I opened my eyes. Mr Grills leaned away from me. His arms remained wrapped comfortably around my waist.

“Hello there,” he said, simpering.

I gingerly touched my lips with my fingertips. They were very wet, especially the skin around them. “What did we just do?” I asked, daring myself only to whisper.

“You mean to say you weren’t awake for it? I bored you so much you fell asleep on your feet?”

I smiled sheepishly. “On the contrary, Mr Grills, I felt like I was airborne.” Floating somewhere in that blissful stratosphere between heaven and earth.

“About that Mr Grills business,” he said.

“What about it?” I teased.

He grinned. “Presently, we’re not in class.”

“Yes, but in a sense, you’re still teaching me things I never knew before.”

“Such as?”

I didn’t want to say it because I was too embarrassed. “Just things.”

“Like kissing?”

“You’re very good at it.”

“It takes two to make it good,” he said, laughing.
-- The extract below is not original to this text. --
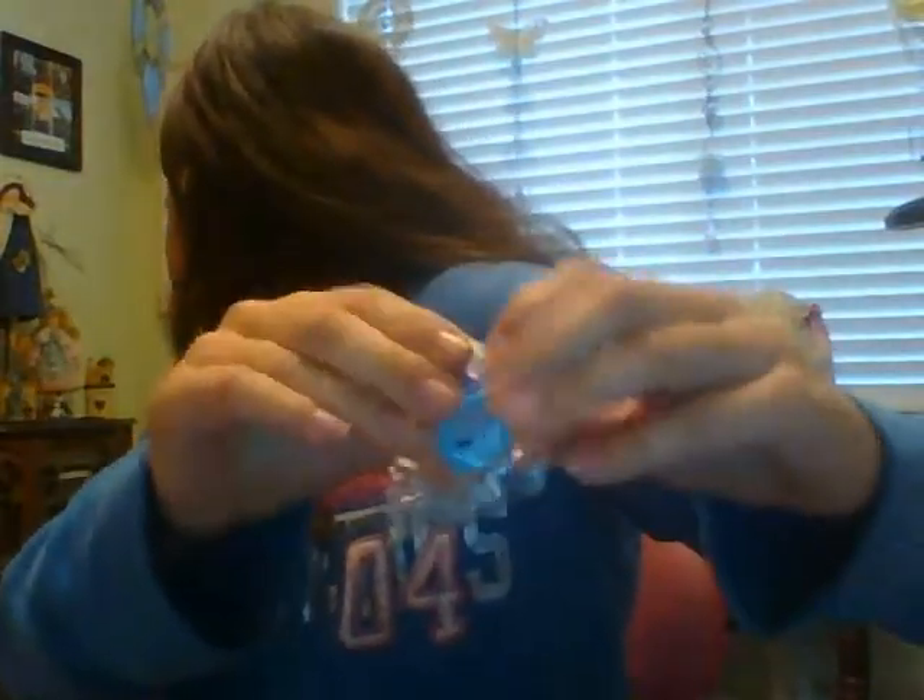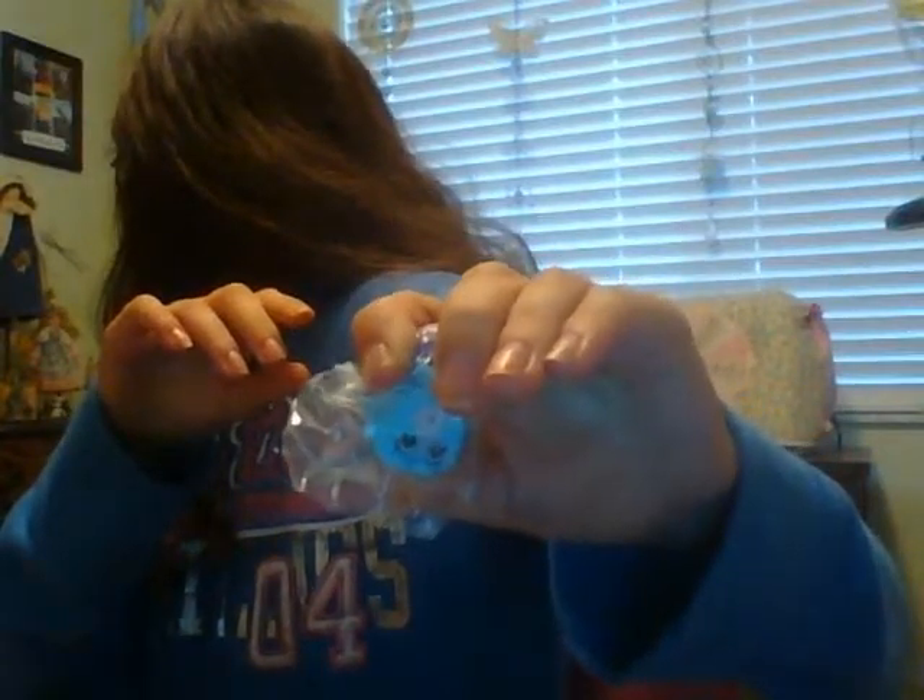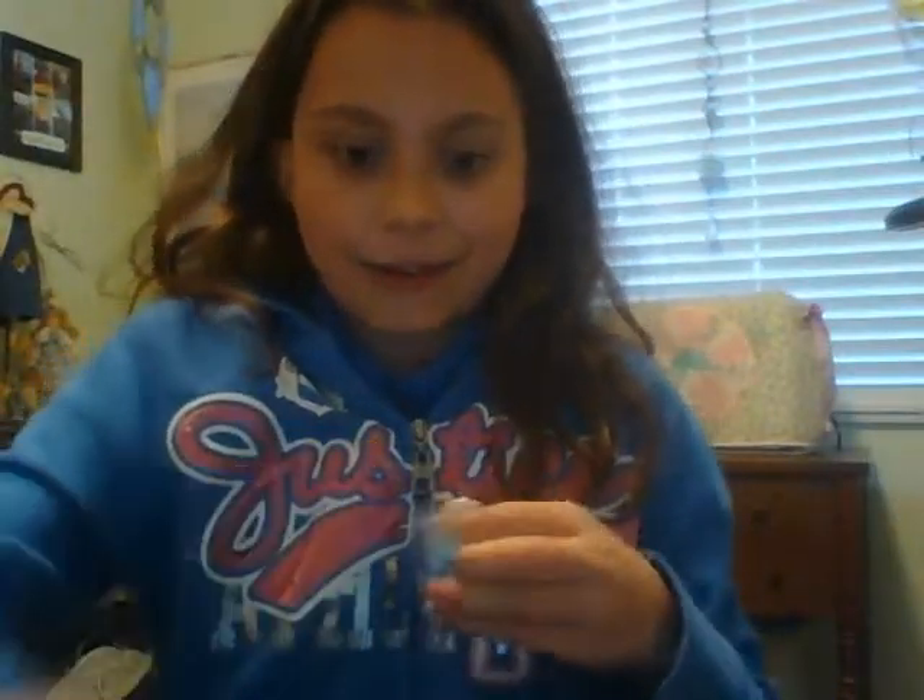Oh, I know what this is — this is Scale Scale. I'm not sure what color, but it's Scale Scale. I can feel the little berries at the top, and I don't have this one yet, do I? Oh, it is Scale Scale, and I don't have it — so that's pretty much my challenge, just feeling what Shopkin it is.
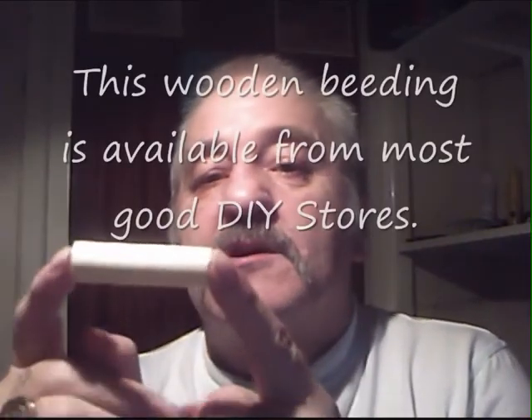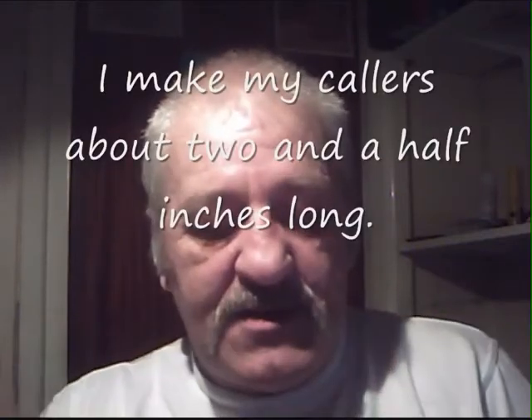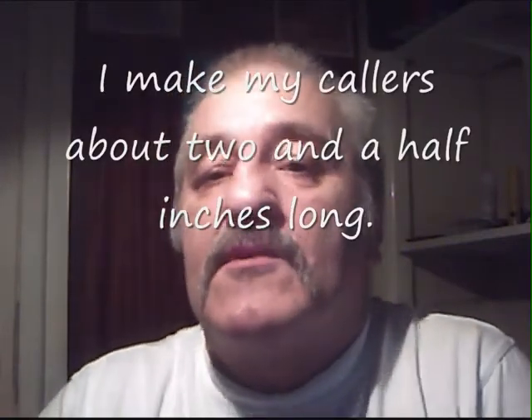Very simple and easy to make, just costs a couple of coppers. Made out of two little bits of wood, just part rounded — about half an inch wide and about two and a half to three inches long. The actual size isn't too important or crucial. That's all you use, along with a little tiny short length of VHS videotape and a little black insulation tape.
I said coyly, “Does this mean you’re not married?”

“Who do you think I am?”

Besides a trusted member of the education body taking advantage of his student’s infatuation with him?

“So you’re telling me you’re available?” I asked out loud.

“One hundred and ten per cent available,” he assured me. “How are you feeling?”

“Better,” I declared.

“Is that because of me?”

“It’s because you were far better in real life than you were in my dream.”

“I was in your dream? What was I doing?”

“I’m not telling. It was immensely private.”

“Oh, I get it. It was immensely titillating.”

I pushed at his chest. “Stop it.”

He laughed again. “You’re even more beautiful when you’re embarrassed.”

I grew serious. “What are we going to do now?”

Mr Grills stepped back and motioned for me to sit. I sat down and, feeling horribly nervous, started to play with the hem of my dress. Mr Grills stared at me, possibly thinking: She’s just a girl. Only a girl would play with her dress like that. I stopped fidgeting and folded my hands in my lap. I frowned.

He lowered himself to one knee, right in front of me, looking for all the world like he was about to propose. Instead, he introduced himself. “My name’s Bryce,” he said.

“Bryce,” I echoed. “I love it.”

“No one can ever know what is happening between us,” he said.

“Of course.”

“We can never meet here again, or at any other place within the school grounds,” he admonished. “We can never look at, nor communicate with each other like two people who are romantically involved. In the laboratory, even though you’re my top student, Justice, I’ll grant you no special attention.”

“This morning…”

“Shh.” He nodded. “From now on, that’s pretty much how I’ll act.”

“I hated it.”

“I know, and I’m sorry. But that’s the way it has to be.”

“All right.”

He took hold of my hands, squeezed them. “We can do this,” he said optimistically. “We will do this.”